▶ _WHAT THE TASK ASKS_
From the material beneath, pull every line with the word "Dunkelbraun".

▶ _DATA RECORDS_

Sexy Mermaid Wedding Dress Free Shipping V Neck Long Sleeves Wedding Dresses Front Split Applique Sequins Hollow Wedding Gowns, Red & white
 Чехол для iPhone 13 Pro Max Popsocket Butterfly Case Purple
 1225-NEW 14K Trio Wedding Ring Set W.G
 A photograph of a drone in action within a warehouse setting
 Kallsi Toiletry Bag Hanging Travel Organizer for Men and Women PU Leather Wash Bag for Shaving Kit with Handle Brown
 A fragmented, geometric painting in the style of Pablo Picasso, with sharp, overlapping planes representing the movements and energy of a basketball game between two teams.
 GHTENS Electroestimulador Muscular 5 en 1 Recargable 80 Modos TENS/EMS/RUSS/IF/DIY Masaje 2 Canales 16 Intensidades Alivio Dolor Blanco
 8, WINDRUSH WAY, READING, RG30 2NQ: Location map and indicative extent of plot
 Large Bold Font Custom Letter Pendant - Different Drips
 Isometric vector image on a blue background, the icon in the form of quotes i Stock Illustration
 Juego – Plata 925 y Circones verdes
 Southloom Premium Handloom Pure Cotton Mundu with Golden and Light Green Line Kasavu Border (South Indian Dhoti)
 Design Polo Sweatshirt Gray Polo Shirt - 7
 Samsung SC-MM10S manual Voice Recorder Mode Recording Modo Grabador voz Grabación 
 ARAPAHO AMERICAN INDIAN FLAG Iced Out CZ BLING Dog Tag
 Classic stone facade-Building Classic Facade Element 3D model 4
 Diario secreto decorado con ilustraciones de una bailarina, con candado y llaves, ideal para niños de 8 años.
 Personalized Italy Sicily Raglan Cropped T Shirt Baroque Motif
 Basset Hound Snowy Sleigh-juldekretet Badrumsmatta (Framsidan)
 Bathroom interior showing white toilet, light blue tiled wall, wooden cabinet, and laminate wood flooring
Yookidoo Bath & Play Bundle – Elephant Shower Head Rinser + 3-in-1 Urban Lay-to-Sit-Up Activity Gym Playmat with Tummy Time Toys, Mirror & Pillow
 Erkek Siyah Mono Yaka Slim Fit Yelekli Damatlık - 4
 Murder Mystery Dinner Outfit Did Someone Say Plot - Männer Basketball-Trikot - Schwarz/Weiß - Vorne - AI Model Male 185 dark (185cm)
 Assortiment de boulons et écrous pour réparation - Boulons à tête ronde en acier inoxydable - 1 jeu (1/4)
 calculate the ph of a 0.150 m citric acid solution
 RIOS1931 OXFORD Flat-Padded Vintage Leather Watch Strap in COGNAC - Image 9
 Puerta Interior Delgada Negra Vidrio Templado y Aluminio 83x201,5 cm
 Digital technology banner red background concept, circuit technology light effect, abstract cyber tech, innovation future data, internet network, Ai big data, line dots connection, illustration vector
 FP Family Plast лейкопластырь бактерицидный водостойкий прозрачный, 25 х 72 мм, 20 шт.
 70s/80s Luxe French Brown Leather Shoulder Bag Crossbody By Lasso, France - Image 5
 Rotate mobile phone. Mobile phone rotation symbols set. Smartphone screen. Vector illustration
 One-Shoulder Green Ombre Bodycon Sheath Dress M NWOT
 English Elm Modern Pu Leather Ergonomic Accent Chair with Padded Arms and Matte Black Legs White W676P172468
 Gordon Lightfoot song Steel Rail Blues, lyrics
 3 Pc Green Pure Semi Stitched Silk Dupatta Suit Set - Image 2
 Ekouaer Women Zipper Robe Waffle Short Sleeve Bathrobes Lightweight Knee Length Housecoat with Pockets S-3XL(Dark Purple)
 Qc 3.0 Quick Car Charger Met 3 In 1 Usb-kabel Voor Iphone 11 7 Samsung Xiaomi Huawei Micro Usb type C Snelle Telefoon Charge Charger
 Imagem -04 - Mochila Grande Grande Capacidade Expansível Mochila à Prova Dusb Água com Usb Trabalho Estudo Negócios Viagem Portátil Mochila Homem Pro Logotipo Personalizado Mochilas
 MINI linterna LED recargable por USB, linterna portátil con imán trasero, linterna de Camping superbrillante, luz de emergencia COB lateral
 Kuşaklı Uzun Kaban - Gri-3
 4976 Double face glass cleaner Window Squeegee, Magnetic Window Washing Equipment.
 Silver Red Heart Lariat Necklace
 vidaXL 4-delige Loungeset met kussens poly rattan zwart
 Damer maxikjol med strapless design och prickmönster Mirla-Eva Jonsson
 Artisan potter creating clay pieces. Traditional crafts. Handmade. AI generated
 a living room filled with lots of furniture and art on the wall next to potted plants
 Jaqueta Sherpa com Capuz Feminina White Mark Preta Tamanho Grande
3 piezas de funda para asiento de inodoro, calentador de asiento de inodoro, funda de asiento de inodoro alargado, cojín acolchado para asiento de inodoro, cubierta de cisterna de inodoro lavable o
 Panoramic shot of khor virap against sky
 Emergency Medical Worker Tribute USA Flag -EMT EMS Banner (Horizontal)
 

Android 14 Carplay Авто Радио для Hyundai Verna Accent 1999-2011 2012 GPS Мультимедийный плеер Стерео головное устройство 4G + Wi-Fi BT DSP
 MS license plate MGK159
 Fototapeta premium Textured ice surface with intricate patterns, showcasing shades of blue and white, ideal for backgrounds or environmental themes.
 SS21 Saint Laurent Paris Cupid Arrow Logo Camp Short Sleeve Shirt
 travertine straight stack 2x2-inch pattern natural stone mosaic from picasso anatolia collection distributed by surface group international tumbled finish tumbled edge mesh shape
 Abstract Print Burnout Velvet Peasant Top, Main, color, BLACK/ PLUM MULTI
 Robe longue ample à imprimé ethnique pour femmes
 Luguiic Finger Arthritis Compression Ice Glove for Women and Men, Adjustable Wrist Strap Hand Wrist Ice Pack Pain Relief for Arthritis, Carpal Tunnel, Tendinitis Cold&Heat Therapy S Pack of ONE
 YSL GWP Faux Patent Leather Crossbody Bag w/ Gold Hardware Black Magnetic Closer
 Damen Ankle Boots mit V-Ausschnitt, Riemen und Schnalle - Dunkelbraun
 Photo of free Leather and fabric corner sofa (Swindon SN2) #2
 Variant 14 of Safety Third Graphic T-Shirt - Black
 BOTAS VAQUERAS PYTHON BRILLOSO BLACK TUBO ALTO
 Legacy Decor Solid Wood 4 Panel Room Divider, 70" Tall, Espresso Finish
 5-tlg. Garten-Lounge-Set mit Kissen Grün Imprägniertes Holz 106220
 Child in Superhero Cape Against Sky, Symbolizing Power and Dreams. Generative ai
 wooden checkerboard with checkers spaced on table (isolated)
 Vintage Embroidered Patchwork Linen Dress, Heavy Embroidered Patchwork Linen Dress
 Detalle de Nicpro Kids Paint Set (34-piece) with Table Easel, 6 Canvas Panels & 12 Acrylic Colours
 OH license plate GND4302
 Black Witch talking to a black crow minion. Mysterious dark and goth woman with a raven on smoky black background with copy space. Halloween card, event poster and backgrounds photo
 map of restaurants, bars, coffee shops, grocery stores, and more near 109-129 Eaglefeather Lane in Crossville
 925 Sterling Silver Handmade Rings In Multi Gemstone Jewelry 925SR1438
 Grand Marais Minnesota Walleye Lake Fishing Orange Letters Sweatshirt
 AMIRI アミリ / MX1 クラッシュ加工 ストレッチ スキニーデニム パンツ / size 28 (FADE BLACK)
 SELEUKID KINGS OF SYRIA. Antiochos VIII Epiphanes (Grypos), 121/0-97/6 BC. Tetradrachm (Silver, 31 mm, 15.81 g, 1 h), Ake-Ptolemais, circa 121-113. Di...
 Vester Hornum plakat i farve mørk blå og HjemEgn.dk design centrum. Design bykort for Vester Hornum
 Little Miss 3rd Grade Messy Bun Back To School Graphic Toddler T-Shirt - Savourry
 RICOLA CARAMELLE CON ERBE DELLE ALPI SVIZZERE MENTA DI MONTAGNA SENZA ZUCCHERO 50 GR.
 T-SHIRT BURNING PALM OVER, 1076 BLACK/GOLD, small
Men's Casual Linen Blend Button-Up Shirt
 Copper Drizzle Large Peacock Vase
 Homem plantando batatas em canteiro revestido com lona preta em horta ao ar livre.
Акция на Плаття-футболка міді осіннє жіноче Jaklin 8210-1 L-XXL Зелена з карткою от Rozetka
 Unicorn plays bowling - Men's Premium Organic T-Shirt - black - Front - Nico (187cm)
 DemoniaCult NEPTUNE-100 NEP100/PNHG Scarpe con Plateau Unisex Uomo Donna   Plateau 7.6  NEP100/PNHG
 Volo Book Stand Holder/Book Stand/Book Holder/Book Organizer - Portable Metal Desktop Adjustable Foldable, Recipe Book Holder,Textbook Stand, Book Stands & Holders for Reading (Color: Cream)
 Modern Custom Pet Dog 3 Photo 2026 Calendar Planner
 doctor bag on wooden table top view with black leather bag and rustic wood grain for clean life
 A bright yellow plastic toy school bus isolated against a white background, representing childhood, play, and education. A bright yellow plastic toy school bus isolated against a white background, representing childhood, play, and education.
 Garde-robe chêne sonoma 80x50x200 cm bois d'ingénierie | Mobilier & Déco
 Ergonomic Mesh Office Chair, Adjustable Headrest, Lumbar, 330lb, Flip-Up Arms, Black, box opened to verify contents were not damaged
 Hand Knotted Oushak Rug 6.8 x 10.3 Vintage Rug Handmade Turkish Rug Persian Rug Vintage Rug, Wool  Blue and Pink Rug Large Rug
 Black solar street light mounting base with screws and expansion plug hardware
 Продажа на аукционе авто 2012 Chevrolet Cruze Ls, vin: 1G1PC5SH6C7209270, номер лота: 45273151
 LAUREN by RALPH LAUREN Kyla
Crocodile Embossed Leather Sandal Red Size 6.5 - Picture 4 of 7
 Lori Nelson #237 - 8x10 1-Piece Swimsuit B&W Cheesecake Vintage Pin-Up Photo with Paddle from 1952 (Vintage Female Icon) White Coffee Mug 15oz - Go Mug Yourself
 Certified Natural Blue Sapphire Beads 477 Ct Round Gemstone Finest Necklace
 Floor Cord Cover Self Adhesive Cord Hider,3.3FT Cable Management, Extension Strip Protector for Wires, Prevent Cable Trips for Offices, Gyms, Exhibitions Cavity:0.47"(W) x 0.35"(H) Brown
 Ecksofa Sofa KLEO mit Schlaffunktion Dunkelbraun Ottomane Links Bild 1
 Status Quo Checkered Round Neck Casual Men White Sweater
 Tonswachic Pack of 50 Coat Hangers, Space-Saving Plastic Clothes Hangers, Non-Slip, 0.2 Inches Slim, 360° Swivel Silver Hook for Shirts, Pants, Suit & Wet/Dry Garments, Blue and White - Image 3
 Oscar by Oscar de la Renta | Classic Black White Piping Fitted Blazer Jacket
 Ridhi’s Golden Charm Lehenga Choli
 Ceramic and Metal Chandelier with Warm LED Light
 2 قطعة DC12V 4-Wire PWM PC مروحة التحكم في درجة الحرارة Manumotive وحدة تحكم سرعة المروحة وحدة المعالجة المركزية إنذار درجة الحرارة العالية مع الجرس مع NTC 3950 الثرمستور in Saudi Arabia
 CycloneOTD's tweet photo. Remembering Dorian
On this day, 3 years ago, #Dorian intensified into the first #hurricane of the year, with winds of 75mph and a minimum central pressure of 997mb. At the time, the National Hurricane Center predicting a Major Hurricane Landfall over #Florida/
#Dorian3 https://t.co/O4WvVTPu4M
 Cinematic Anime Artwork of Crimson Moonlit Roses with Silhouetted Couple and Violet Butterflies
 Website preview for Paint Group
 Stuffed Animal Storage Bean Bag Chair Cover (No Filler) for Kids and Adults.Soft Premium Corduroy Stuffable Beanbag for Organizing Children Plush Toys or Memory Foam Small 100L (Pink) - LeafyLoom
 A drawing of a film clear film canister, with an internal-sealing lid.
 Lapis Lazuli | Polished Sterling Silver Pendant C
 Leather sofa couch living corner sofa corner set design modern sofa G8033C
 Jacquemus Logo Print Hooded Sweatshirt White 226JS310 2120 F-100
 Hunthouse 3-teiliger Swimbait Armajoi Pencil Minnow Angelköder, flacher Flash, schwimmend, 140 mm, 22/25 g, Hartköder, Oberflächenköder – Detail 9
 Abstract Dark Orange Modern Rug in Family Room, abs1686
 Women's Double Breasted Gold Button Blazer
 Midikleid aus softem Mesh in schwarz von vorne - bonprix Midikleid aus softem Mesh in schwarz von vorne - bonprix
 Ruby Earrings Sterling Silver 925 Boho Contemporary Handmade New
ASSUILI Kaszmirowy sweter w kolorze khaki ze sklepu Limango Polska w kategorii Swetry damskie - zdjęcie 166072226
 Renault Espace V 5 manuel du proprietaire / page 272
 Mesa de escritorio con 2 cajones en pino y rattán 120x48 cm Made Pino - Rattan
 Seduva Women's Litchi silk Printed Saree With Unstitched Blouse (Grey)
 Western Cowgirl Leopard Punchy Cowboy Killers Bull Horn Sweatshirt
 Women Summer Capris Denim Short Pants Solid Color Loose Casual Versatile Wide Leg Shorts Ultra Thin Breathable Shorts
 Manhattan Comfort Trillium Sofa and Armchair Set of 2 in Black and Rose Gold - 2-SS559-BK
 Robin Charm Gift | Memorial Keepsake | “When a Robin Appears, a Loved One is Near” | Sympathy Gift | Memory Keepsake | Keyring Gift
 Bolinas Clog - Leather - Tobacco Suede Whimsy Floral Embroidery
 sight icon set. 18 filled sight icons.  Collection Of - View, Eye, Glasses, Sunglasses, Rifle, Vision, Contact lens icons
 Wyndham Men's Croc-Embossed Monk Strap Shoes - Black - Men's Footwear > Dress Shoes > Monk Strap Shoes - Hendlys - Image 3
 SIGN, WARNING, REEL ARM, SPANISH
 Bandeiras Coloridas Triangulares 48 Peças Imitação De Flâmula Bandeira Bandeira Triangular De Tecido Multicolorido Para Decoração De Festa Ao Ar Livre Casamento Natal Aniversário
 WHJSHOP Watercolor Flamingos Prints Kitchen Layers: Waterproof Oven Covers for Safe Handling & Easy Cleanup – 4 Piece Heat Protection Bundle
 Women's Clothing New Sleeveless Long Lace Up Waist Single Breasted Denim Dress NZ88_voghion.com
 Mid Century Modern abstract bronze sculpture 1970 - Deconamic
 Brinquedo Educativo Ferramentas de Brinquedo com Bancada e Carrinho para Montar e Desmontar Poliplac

▶ _ANSWER BOX_
 Damen Ankle Boots mit V-Ausschnitt, Riemen und Schnalle - Dunkelbraun
 Ecksofa Sofa KLEO mit Schlaffunktion Dunkelbraun Ottomane Links Bild 1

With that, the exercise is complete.